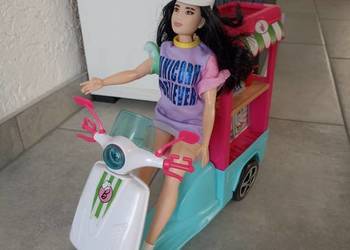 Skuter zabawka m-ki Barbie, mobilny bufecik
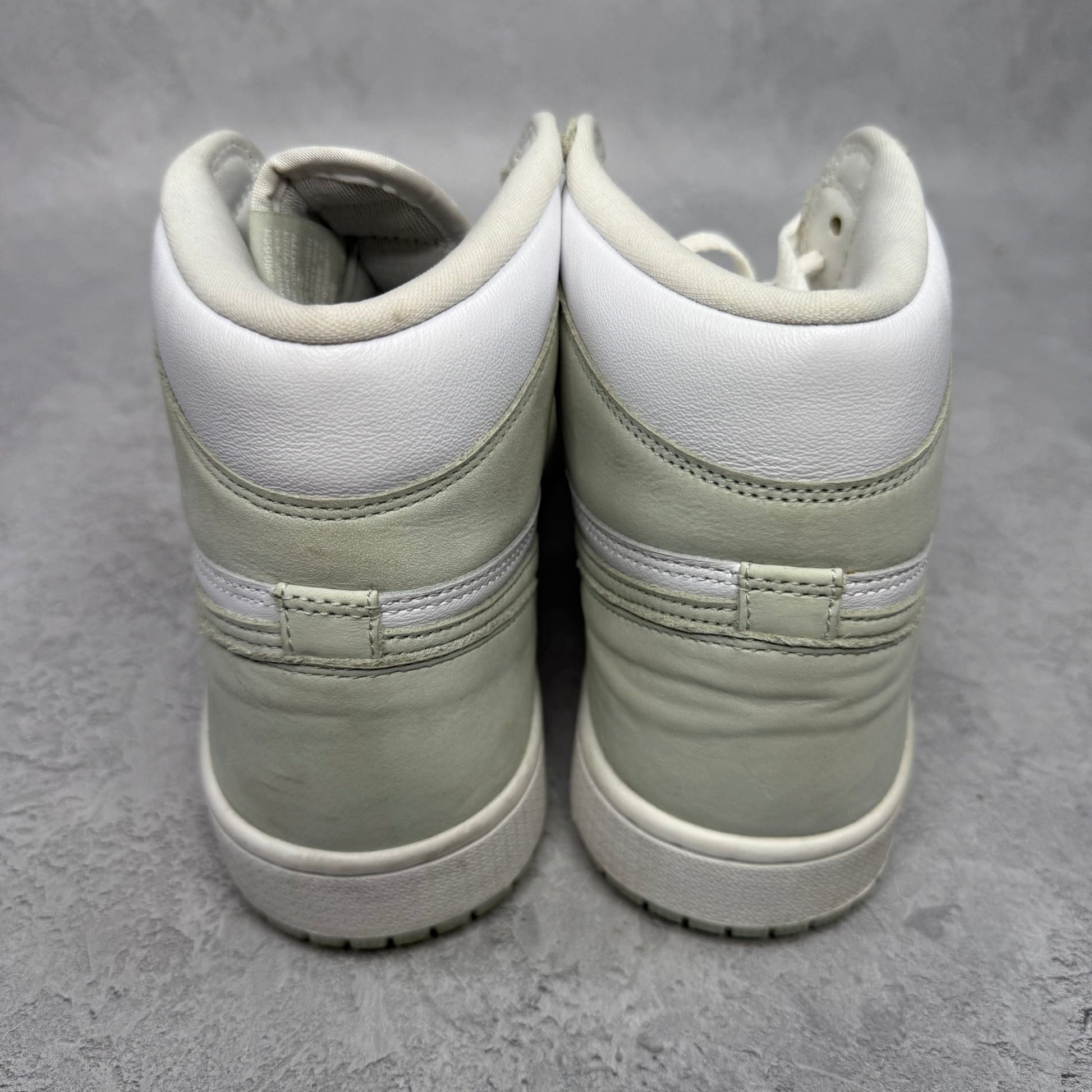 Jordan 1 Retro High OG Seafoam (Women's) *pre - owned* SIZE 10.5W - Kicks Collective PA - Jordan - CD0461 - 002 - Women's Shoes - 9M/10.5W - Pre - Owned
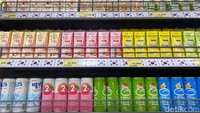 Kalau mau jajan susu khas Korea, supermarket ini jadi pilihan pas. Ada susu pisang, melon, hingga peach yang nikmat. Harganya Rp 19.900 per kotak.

______

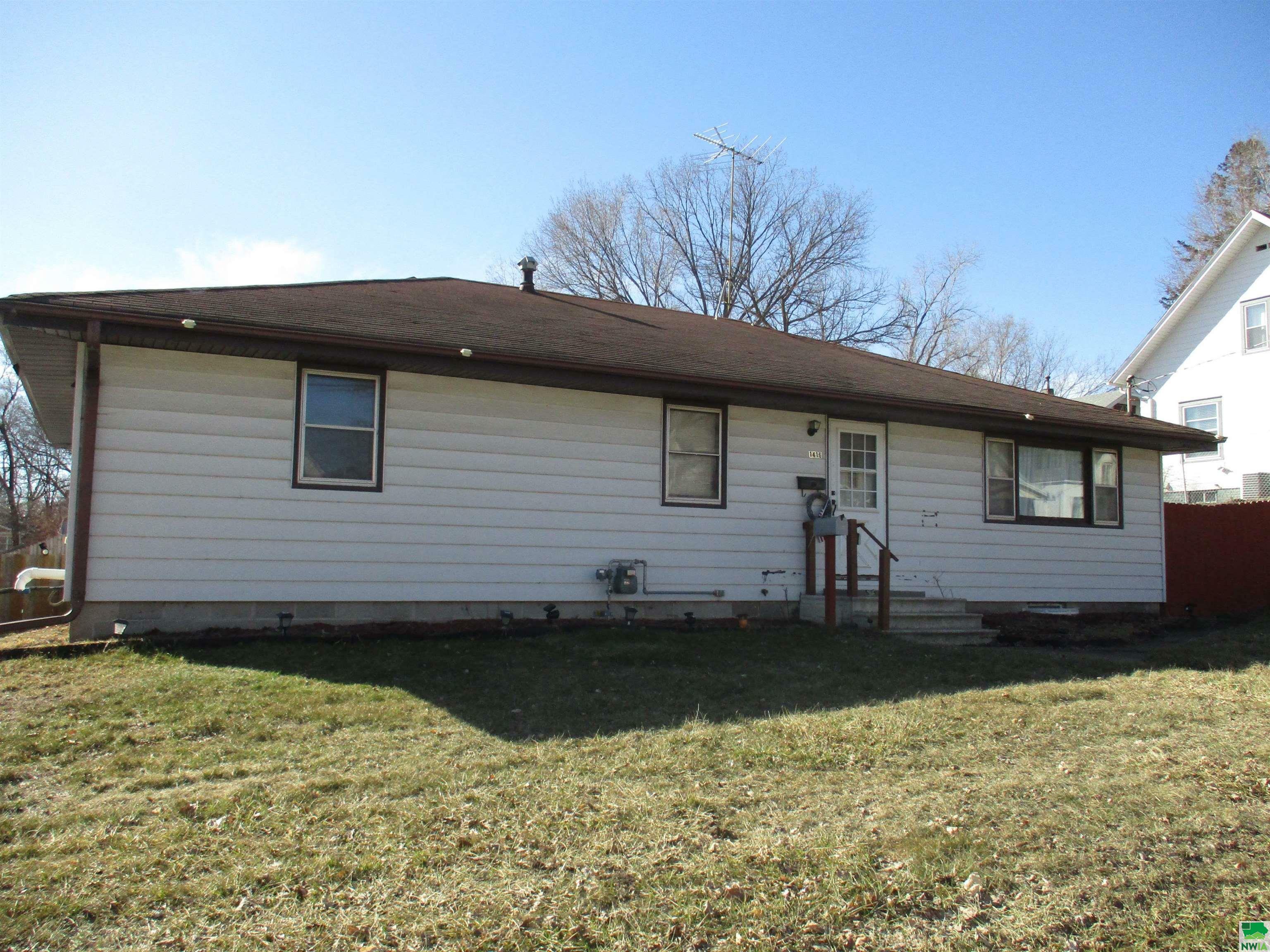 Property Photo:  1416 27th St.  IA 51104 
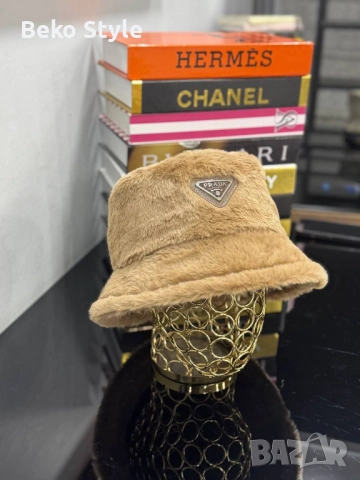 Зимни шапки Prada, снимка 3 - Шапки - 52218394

______

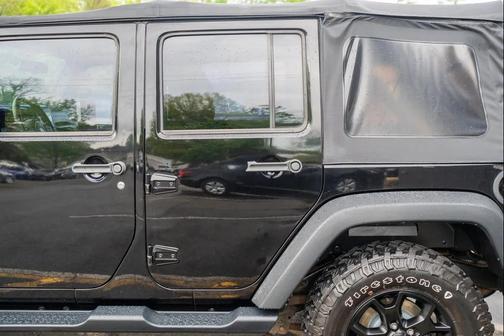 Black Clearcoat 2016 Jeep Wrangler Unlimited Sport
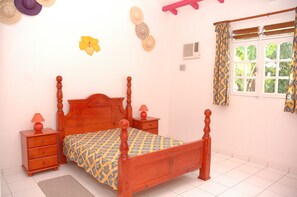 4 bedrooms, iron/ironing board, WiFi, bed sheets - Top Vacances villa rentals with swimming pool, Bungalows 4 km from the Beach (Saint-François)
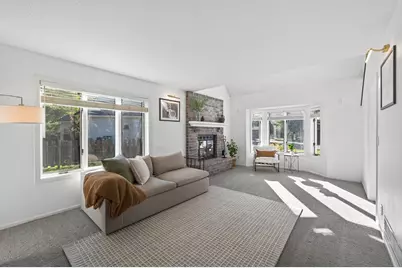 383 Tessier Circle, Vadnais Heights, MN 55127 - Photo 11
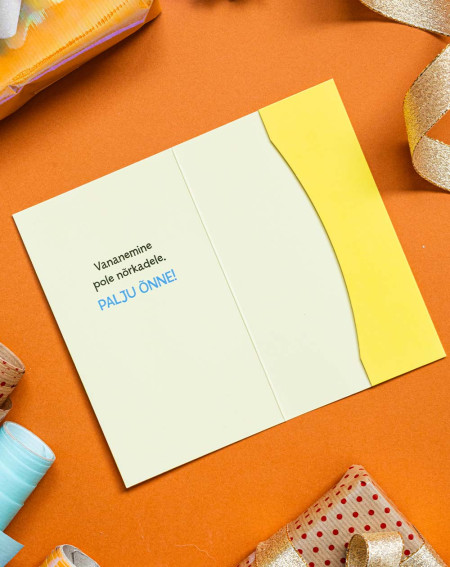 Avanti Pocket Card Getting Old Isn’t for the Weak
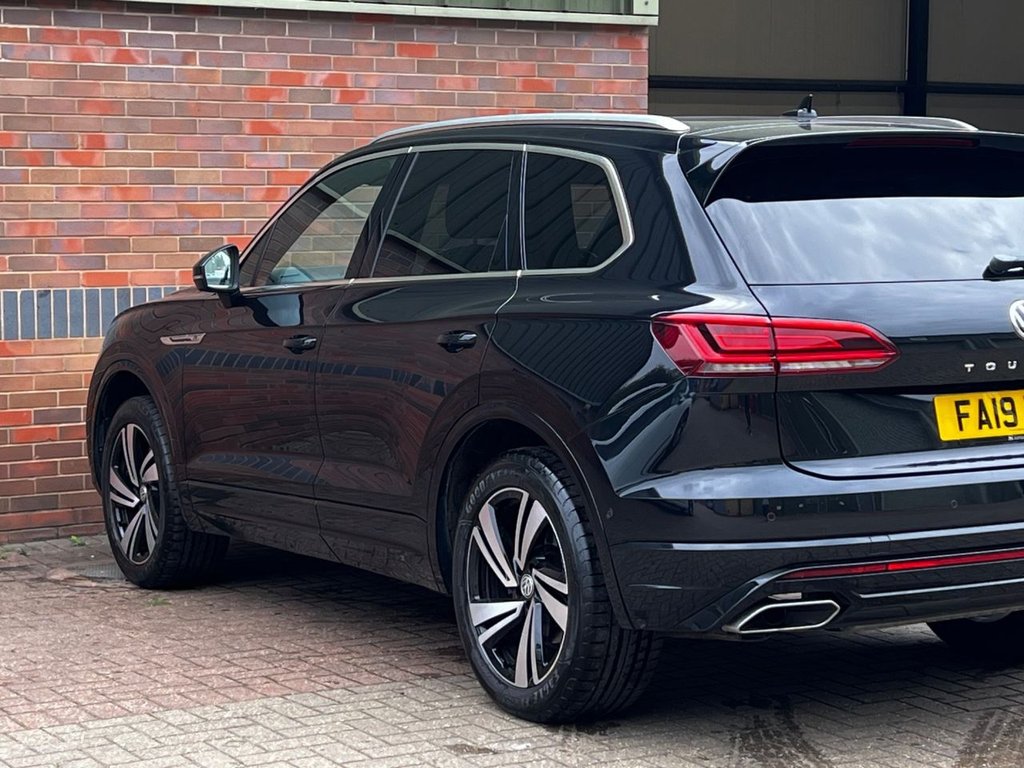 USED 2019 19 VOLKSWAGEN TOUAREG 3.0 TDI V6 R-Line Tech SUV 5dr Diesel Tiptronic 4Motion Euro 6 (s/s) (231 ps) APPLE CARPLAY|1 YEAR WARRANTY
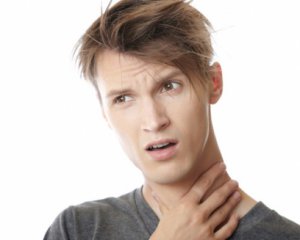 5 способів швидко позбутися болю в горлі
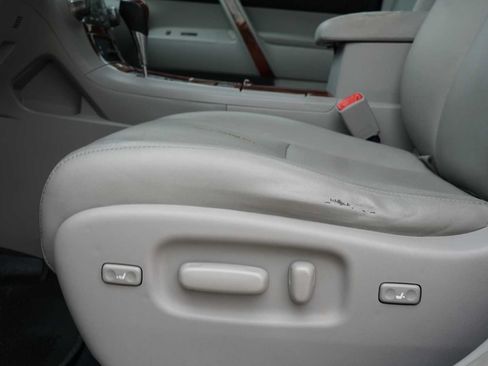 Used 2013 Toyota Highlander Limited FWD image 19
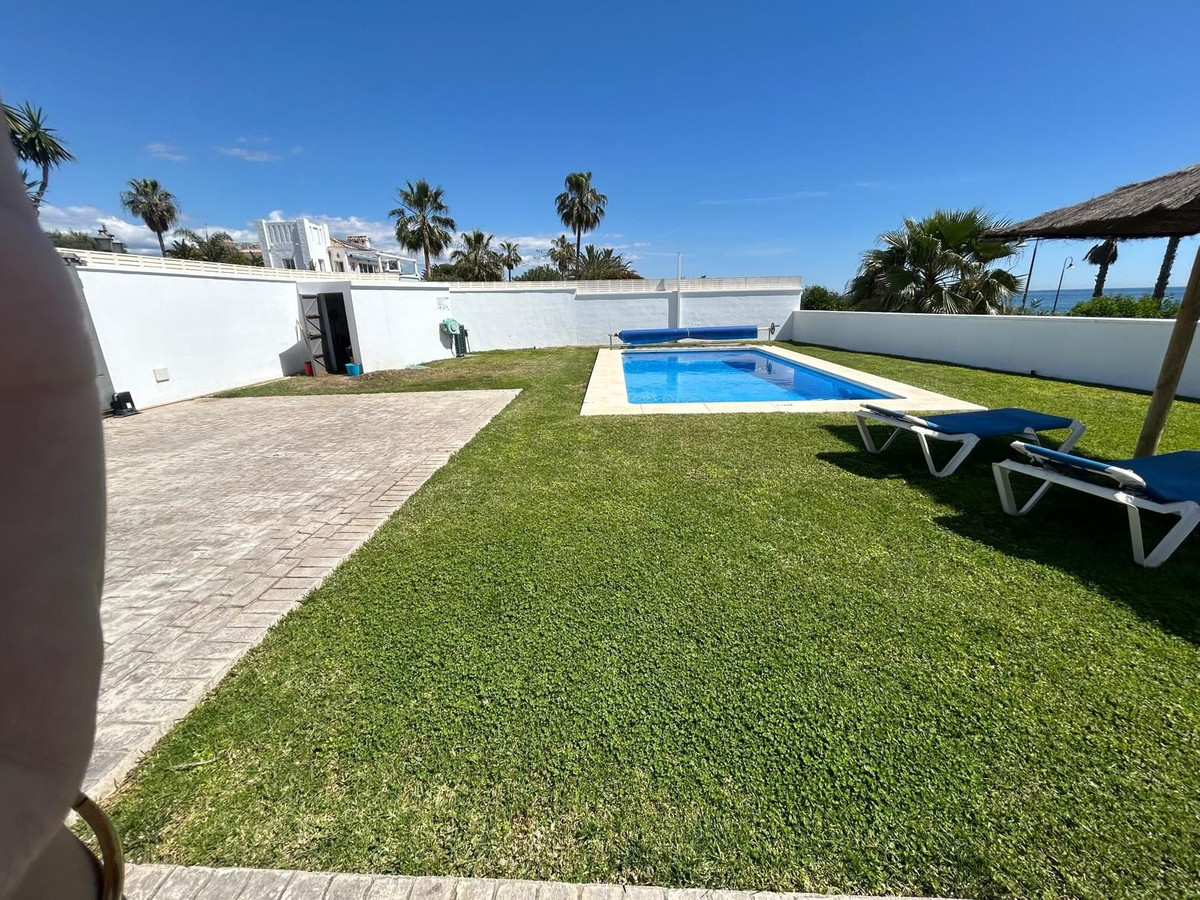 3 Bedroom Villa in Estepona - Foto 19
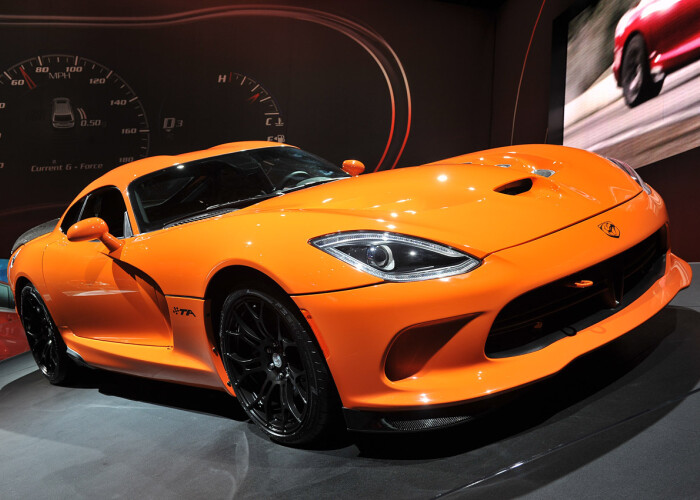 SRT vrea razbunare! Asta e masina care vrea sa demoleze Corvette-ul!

______

Aim of the task: The response must repeat exactly the lines above from the one with "USED 2019 19" through the one with "SRT vrea razbunare!", including both, and must contain no pictures and no other text.

Written solution:
 USED 2019 19 VOLKSWAGEN TOUAREG 3.0 TDI V6 R-Line Tech SUV 5dr Diesel Tiptronic 4Motion Euro 6 (s/s) (231 ps) APPLE CARPLAY|1 YEAR WARRANTY
 5 способів швидко позбутися болю в горлі
 Used 2013 Toyota Highlander Limited FWD image 19
 3 Bedroom Villa in Estepona - Foto 19
 SRT vrea razbunare! Asta e masina care vrea sa demoleze Corvette-ul!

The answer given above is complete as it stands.